Sunday, August 19, 2012

We Take Care of Our Own

As Bruce Springsteen points out in his recent song, We Take Care of Our Own, American don't seem to have much tolerance for moral hazard when it comes to the social safety net.

I've been knockin' on the door that holds the throne 
I've been lookin' for the map that leads me home 
I've been stumblin' on good hearts turned to stone 
The road of good intentions has gone dry as bone 
We take care of our own 
We take care of our own 
Wherever this flag's flown 
We take care of our own 

Despite a long great recession, rising poverty and high unemployment, Americans persist in their belief that the poor are culpable for their own plight. 

Nothing divides Americans more than attitudes towards the poor. A recent Kaiser/Kennedy School pool on the causes of poverty asks the question, "Which is the bigger cause of poverty today — that people are not doing enough to help themselves out of poverty, or that circumstances beyond their control cause them to be poor?" 

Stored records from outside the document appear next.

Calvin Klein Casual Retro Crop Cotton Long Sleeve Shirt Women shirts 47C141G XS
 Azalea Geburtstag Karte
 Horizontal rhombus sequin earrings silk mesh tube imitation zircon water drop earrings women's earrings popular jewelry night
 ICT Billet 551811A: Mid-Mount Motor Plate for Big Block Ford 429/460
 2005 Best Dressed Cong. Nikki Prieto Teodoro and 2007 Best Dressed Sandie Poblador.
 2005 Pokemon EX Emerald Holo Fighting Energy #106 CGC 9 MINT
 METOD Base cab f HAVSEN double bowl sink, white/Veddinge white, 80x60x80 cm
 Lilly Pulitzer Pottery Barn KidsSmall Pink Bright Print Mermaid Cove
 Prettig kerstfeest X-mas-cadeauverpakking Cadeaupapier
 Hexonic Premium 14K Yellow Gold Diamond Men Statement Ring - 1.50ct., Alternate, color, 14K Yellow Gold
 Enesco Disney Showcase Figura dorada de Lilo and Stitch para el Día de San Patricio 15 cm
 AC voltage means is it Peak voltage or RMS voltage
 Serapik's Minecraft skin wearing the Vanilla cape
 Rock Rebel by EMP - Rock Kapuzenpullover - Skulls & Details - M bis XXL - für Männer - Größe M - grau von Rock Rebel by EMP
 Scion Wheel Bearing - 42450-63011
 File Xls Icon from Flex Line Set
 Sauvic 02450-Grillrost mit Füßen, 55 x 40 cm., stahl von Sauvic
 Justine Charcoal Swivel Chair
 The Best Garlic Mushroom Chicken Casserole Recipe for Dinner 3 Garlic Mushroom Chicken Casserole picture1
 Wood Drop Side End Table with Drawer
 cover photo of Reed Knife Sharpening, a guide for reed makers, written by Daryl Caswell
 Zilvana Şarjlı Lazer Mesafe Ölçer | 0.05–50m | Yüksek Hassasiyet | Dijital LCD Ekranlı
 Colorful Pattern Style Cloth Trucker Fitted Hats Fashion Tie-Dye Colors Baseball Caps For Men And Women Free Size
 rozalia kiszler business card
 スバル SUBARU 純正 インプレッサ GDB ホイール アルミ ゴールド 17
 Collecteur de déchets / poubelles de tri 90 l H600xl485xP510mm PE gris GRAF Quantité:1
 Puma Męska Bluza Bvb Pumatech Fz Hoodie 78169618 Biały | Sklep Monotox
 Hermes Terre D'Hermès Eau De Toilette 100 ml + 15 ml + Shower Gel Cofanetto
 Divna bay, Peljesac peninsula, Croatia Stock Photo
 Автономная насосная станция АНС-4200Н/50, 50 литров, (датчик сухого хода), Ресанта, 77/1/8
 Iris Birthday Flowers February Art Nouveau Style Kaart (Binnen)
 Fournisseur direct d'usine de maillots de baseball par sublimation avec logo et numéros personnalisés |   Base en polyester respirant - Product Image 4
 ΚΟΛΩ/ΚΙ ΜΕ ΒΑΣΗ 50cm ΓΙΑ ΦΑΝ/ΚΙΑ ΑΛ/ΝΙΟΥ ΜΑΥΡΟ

Americans are split down the middle on this one. 48% says the poor aren't doing enough and 45% say circumstance beyond their control.  This issue almost defines the difference between Republicans and Democrats - Republicans go 63-31 on not doing enough while Democrats end up 57-37 on circumstances.  Not surprisingly,  Europeans with their vastly more expanded welfare state, go for circumstances by more than a 2 to 1 margin.  

Americans who believe the poor aren't doing enough are worried about moral hazard. 
Moral hazard hazard arises when an individual does not take the full consequences and responsibilities for their actions, and therefore has a tendency to act less carefully than they otherwise would, leaving another party to hold some responsibility for the consequences of those actions. 

The social safety net provides assistance to people who for one reason or another have fallen on hard times. Divorce or pregnancy might lead to poverty for a single woman with a child. Mental illness including addiction might lead to the loss of a job and eventually a home. A serious illness could lead to bankruptcy and poverty.  During today's recession, long periods of unemployment leave people with few or little resources to make ends meet.  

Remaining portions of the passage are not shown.